Gerald of Wales mourned over the bringing in from Spain of "certain
treatises, lately found and translated, pretended to have been written
by Aristotle," which tended to foster heresy. The cathedral schools,
such as York, Lincoln, or London, played the part of the universities in
our own day. The household of the Archbishop of Canterbury had been the
earliest and the most distinguished centre of learning. Of all the
remarkable men of the day there was none to compare with John of
Salisbury, the friend of Theobald and of Becket, and his book, the
__Polycraticus_ (1156-59), was perhaps the most important work of the
time. It begins by recounting the follies of the court, passes on to the
discussion of politics and philosophy, deals with the ethical systems of
the ancients, and hints at a new system of his own, and is everywhere
enriched by wide reading and learning acquired at the schools of
Chartres and Paris London could boast of the historian Ralph of Diceto,
always ready with a quotation from the classics amid the court news and
politics of his day. Monasteries rivaled one another in their collection
of books and in drawing up of chronicles. If their brethren were more
famed for piety than for literary arts, they would borrow some noted man
of learning, or even a practised scribe, who would for the occasion
write under a famous name. The friends and followers of Becket told
on every side and in every way, in prose or poetry, in Latin or
Norman-French, the story of their master's martyrdom and miracles. The
greatest historian of his day, William of Newburgh, was monk in a quiet
little Yorkshire monastery. Gervase, a monk of Canterbury, began the
Chronicle that bears his name in 1185. The historical workers of Durham,
of Hexham, and of Melrose started into a new activity. A canon of the
priory of St. Bartholomew's in London wrote before Henry's death a life of
its founder Rahere, and noted the first cases received into the hospital.
Joseph of Exeter, brother of Archbishop Baldwin, was the brilliant author
of a Latin poem on the _Troy Story_, and of a poetic history of the first
crusade. There was scarcely a religious house in the whole land which
could not boast of some distinction in learning or literature.
 
Even the feudal nobles caught the prevailing temper. A baron was not
content to have only his household dwarf or jester, he must have his
household poet too. Intellectual interest and curiosity began to spread
beyond the class of clerks to whom Latin, the language of learning and
worship, was familiar, and a demand began to spring up for a popular
literature which could be understood of the unlearned baron or burgher.
Virgil and Statius and Ovid were translated into French. Wace in 1155
dedicated to Eleanor his translation into Norman-French of the _History
of Geoffrey of Monmouth_, a book which came afterwards to be called the
_Brut d'Engleterre_, and was one of the sources of the first important
English poem, Layamon's _Brut_. Later on, in honour of Henry, Wace told
in the _Roman de Rou_ the story of his Norman ancestors, and the poem,
especially in the account of Senlac, has given some brilliant details to
history.

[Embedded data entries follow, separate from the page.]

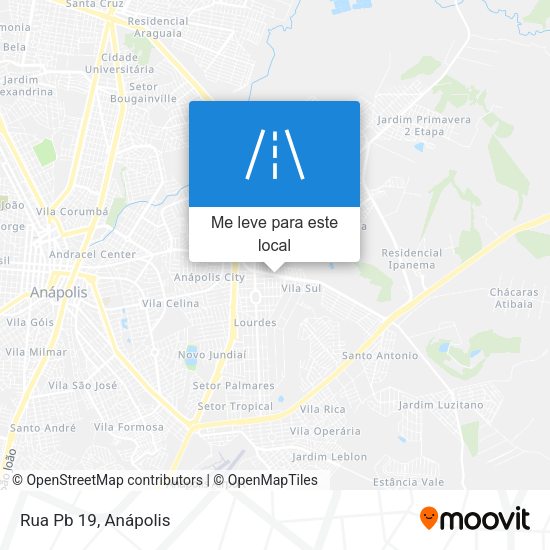 Rua Pb 19 mapa
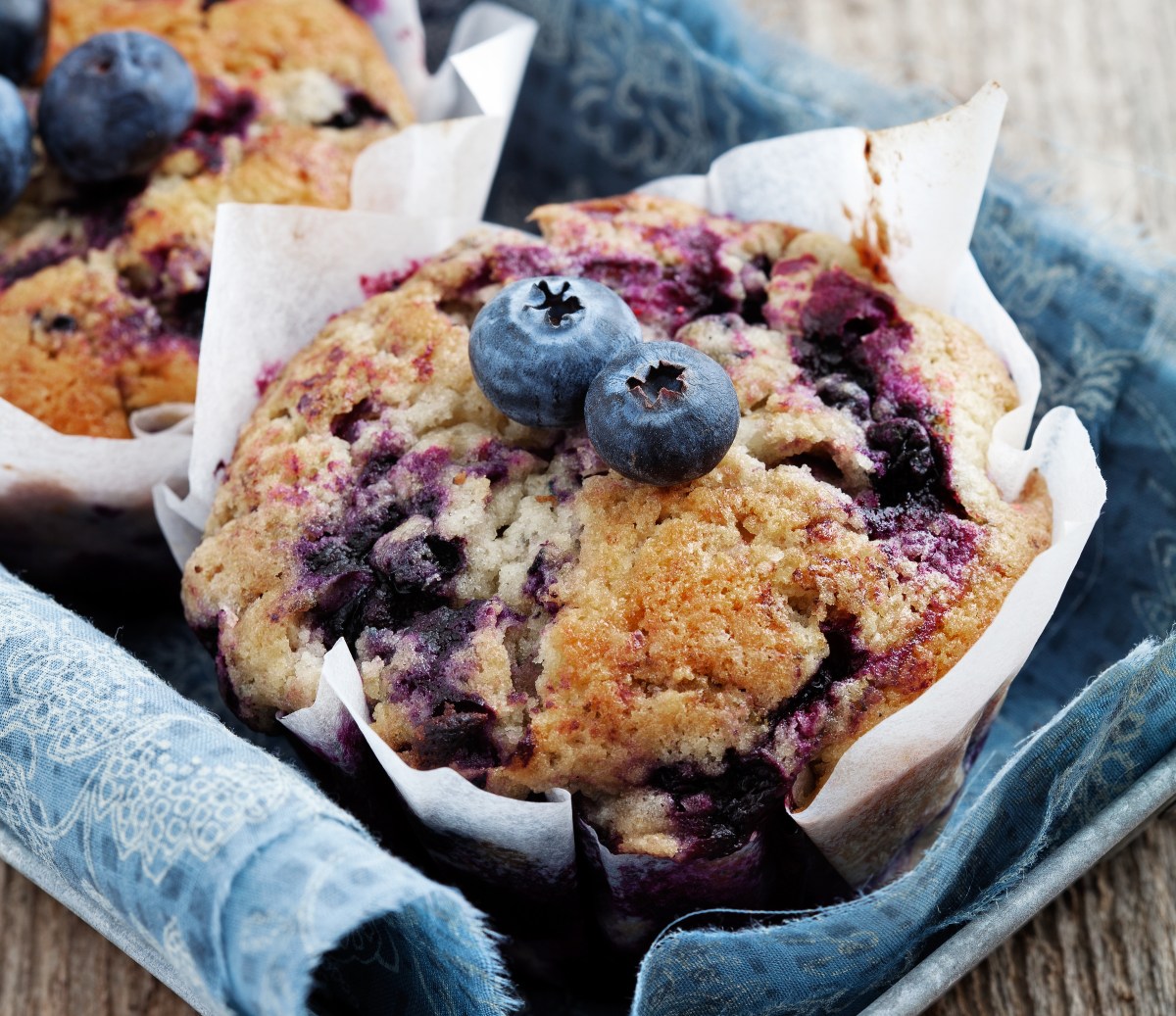receta muffins de arándanos
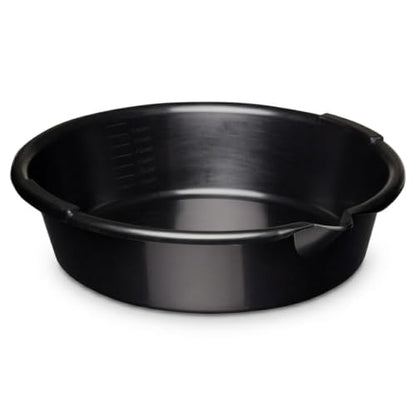 Oil Drain Pan 7-Quart Waste Automotive Fluid Change Container with Built-in Scale, Leak-Proof Spout and Splash Guard for Easy Car Maintenance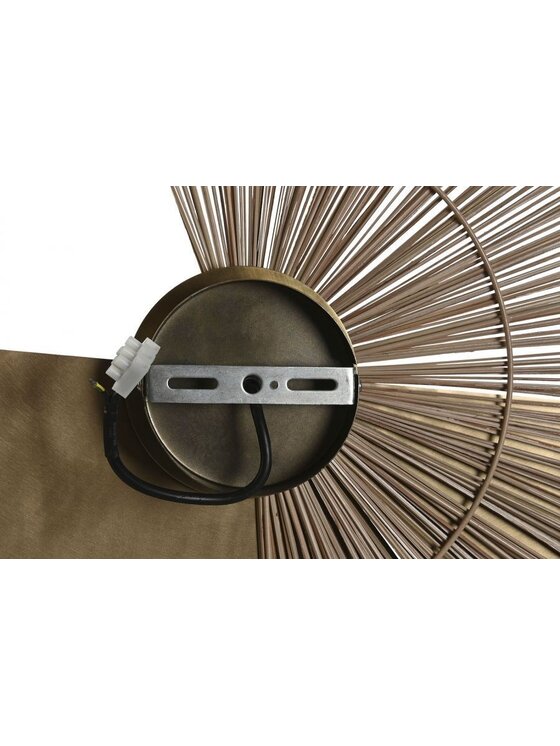 MIAhome MIAhome Kinkiet metalowy Sconce Złoty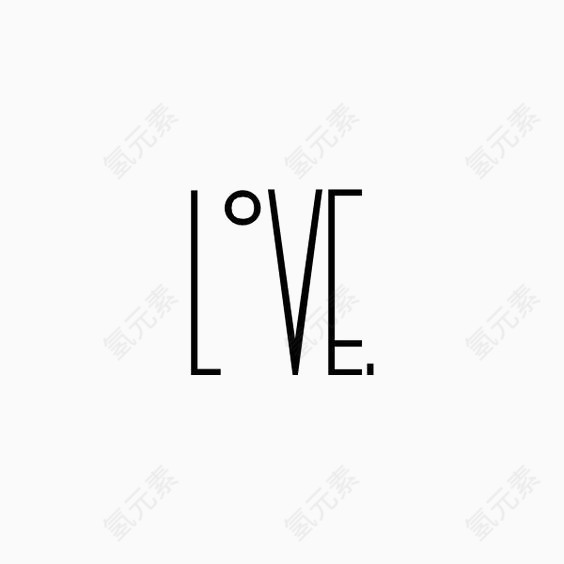 LIVE创意英文艺术字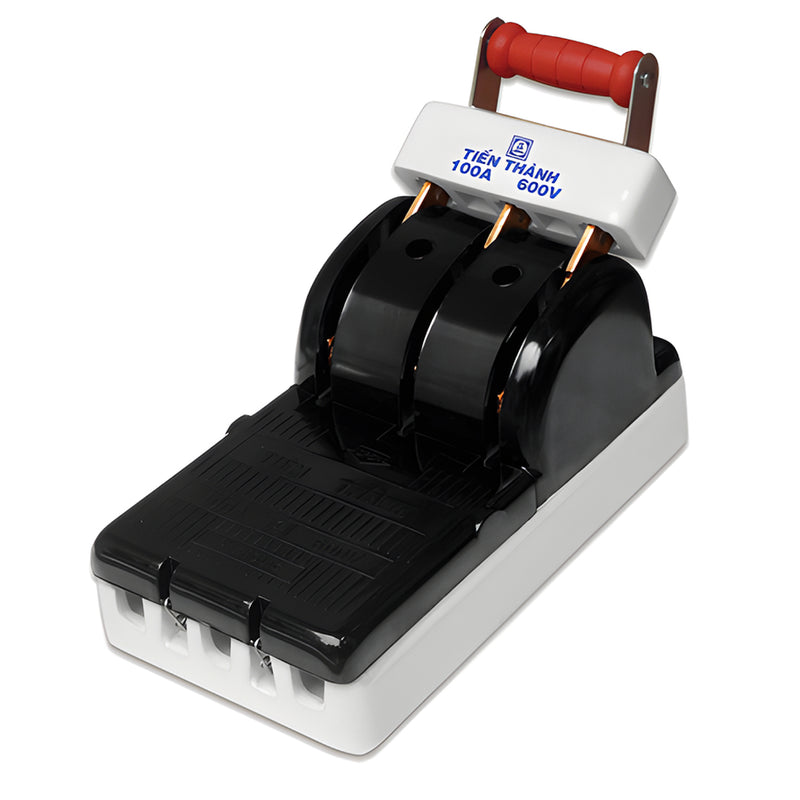 Cầu dao sứ chịu tải cao Tiến Thành, tiếp điểm đồng.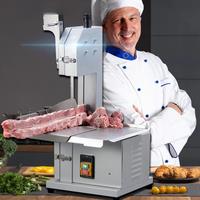 Commercial Desktop Bone Sawing Machine Cutting Cattle Sheep Bones Frozen Meat Pig's Trotters Fish Meat Electric Bone Cutting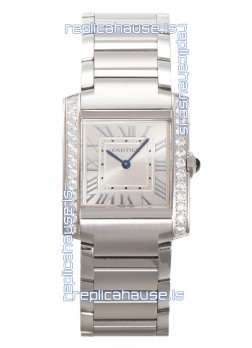 Cartier Tank Francaise Stainless Steel Swiss Quartz Replica Watch 25.70MM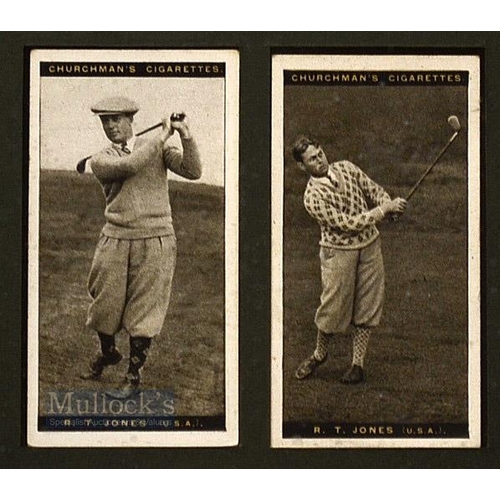 354 - WA & AC Churchman's Golfing Cigarette Card c1927 titled 'Famous Golfers' - full set of 50/50 real ph... 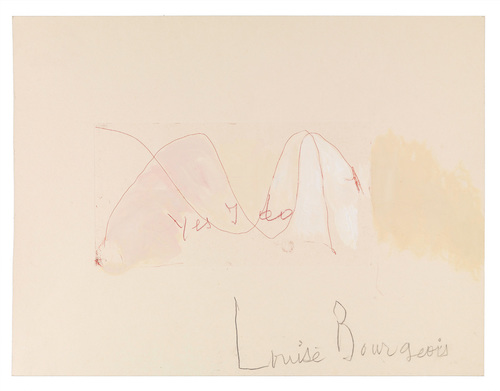 Louise Bourgeois. Landscape (Yes I Do). 2009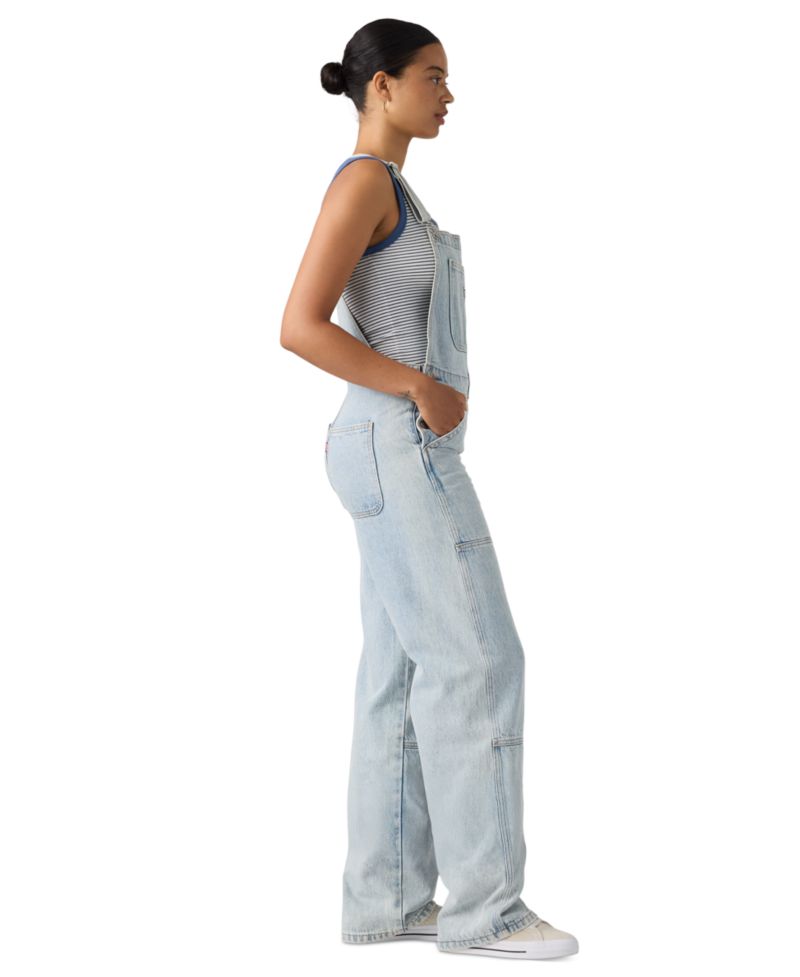Women's Utility Overall H226 Wide-Leg Denim Overalls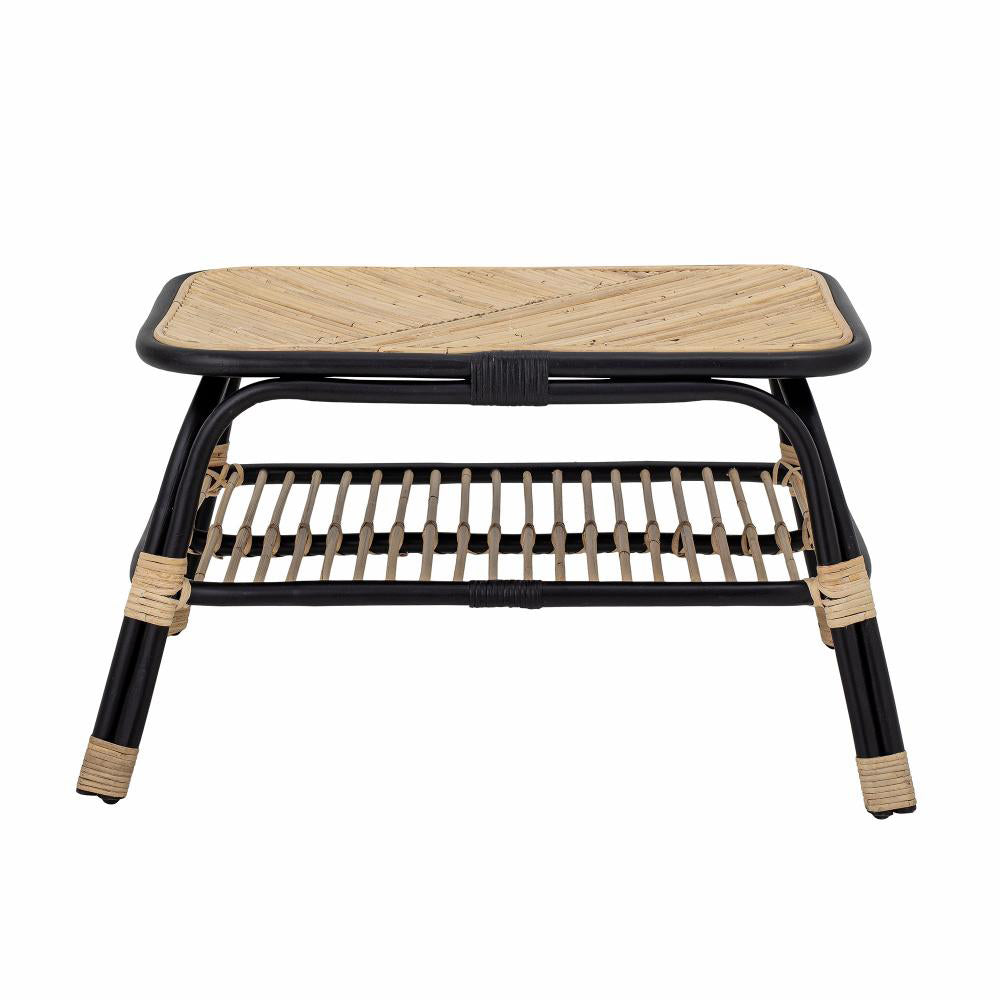 Loue Side Table - Black Rattan
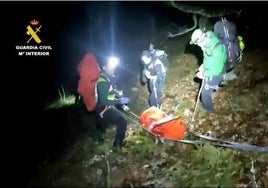 La Guardia Civil rescata el cuerpo de un montañero fallecido en Ribota de Sajambre (León)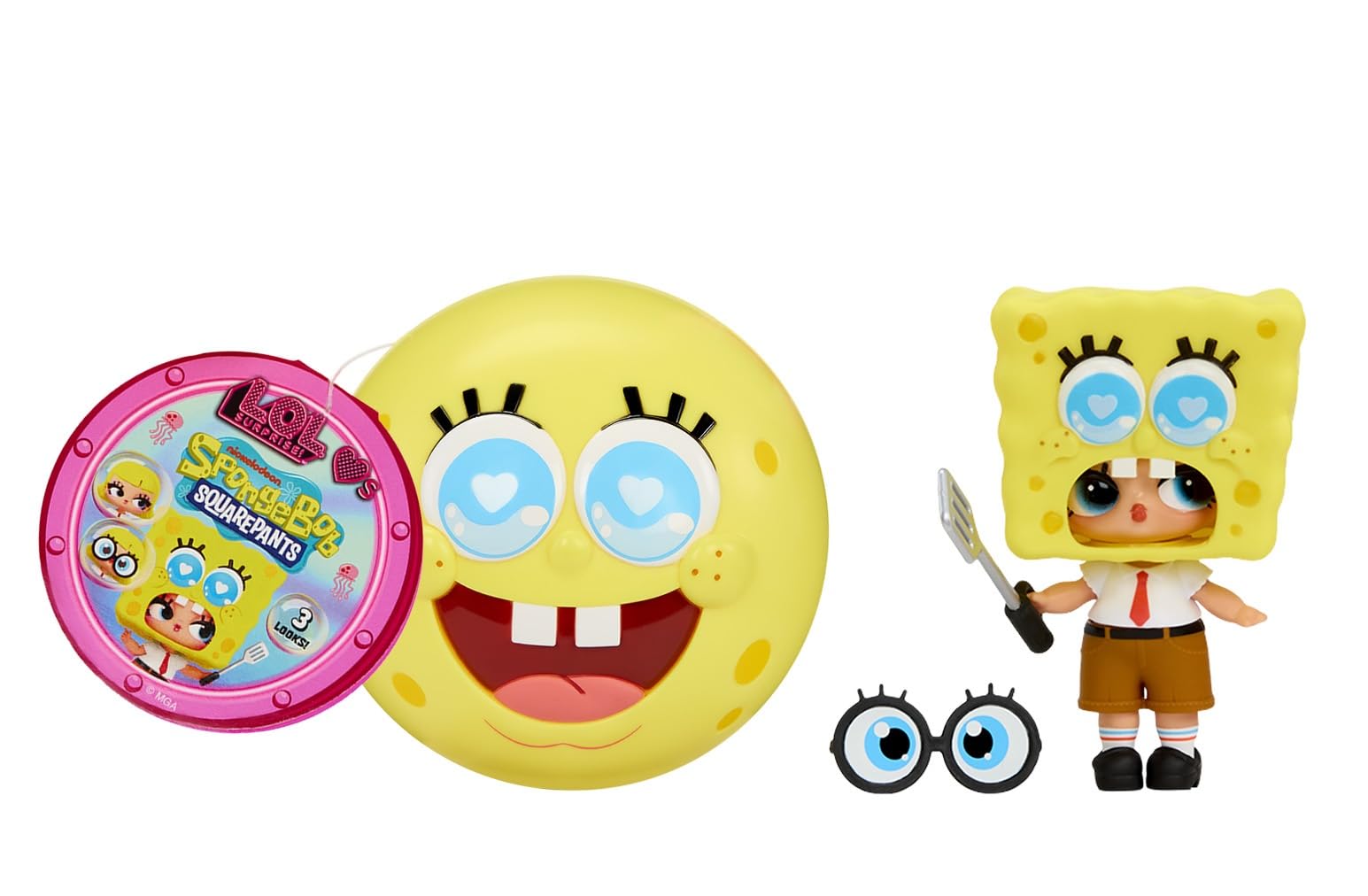 L.O.L. Surprise! Tot frontal mostrando diseño SpongeBob y atractivo de colección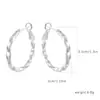 Popular Transfronterizo Europeo y Americano Popular Material de Cobre Retorcido Mobius Circonita Moda Transfronterizo Venta Caliente Pendientes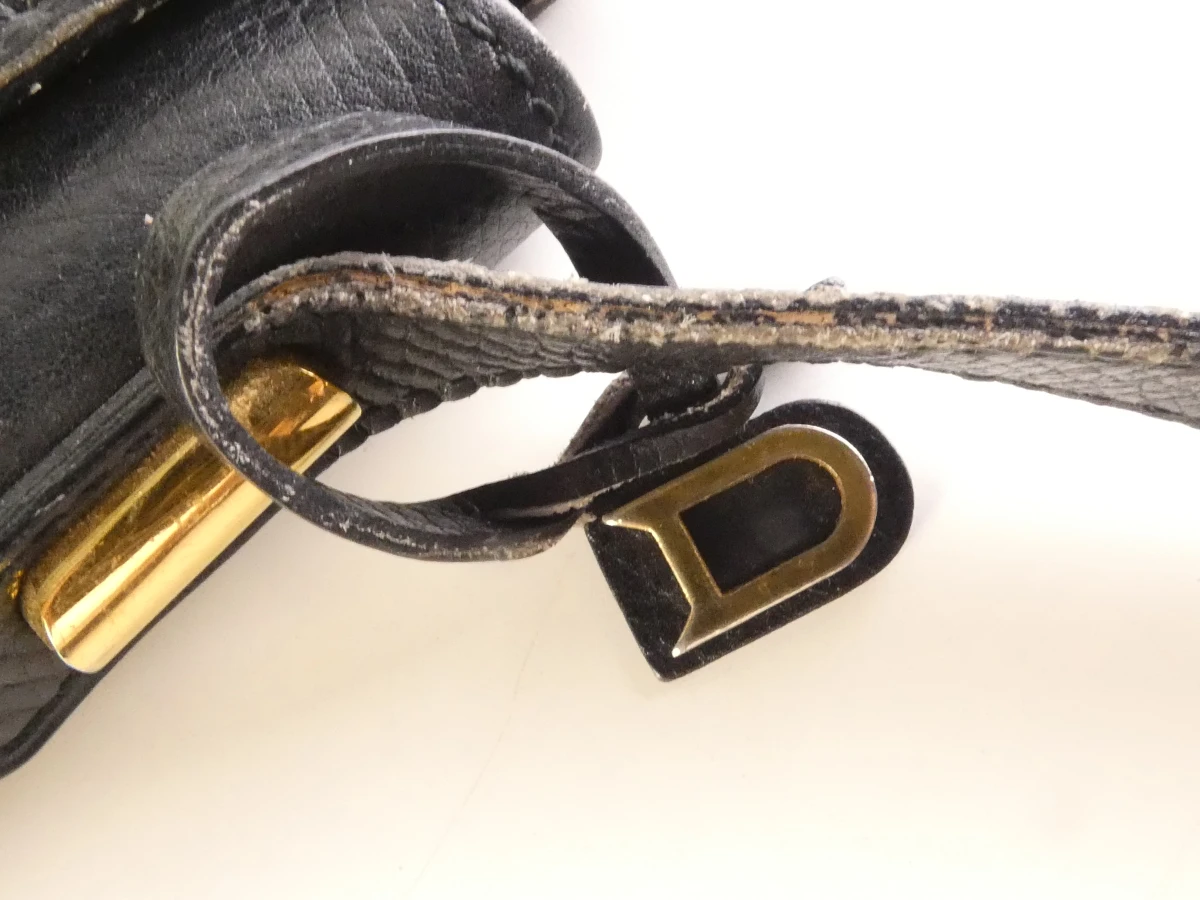 Delvaux leren schoudertas met gouden details - Belgie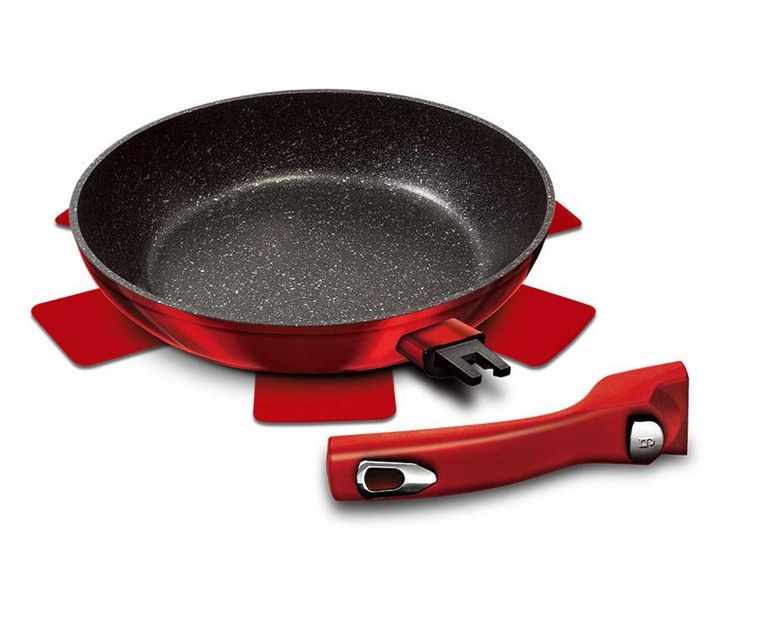 Berlinger Haus, patelnia granitowa, Burgundy, 28 cm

Other Norman-French poems were written in England on the
rebellion, on the conquest of Ireland, on the life of the martyred
Thomas--poems which threw off the formal rules of the stilted Latin
fashion, and embodied the tales of eye-witnesses with their graphic
brief descriptions. An Anglo-Norman literature of song and sermon fast
grew up, absolutely identical in tongue with the Norman literature
beyond the Channel, but marked by special characteristics of thought and
feeling. Meanwhile English, as the speech of the common folk, still
lived on as a tongue apart, a tongue so foreign to judges and barons and
Courtiers that authors or transcribers could not copy half a dozen
English lines without a mistake. The serfs and traders who spoke it were
too far removed from the upper court circle to take into their speech
foreign words or foreign grammatical forms; the songs which their
minstrels sang from fair to fair only lived on the lips of the poor, and left no echo behind them.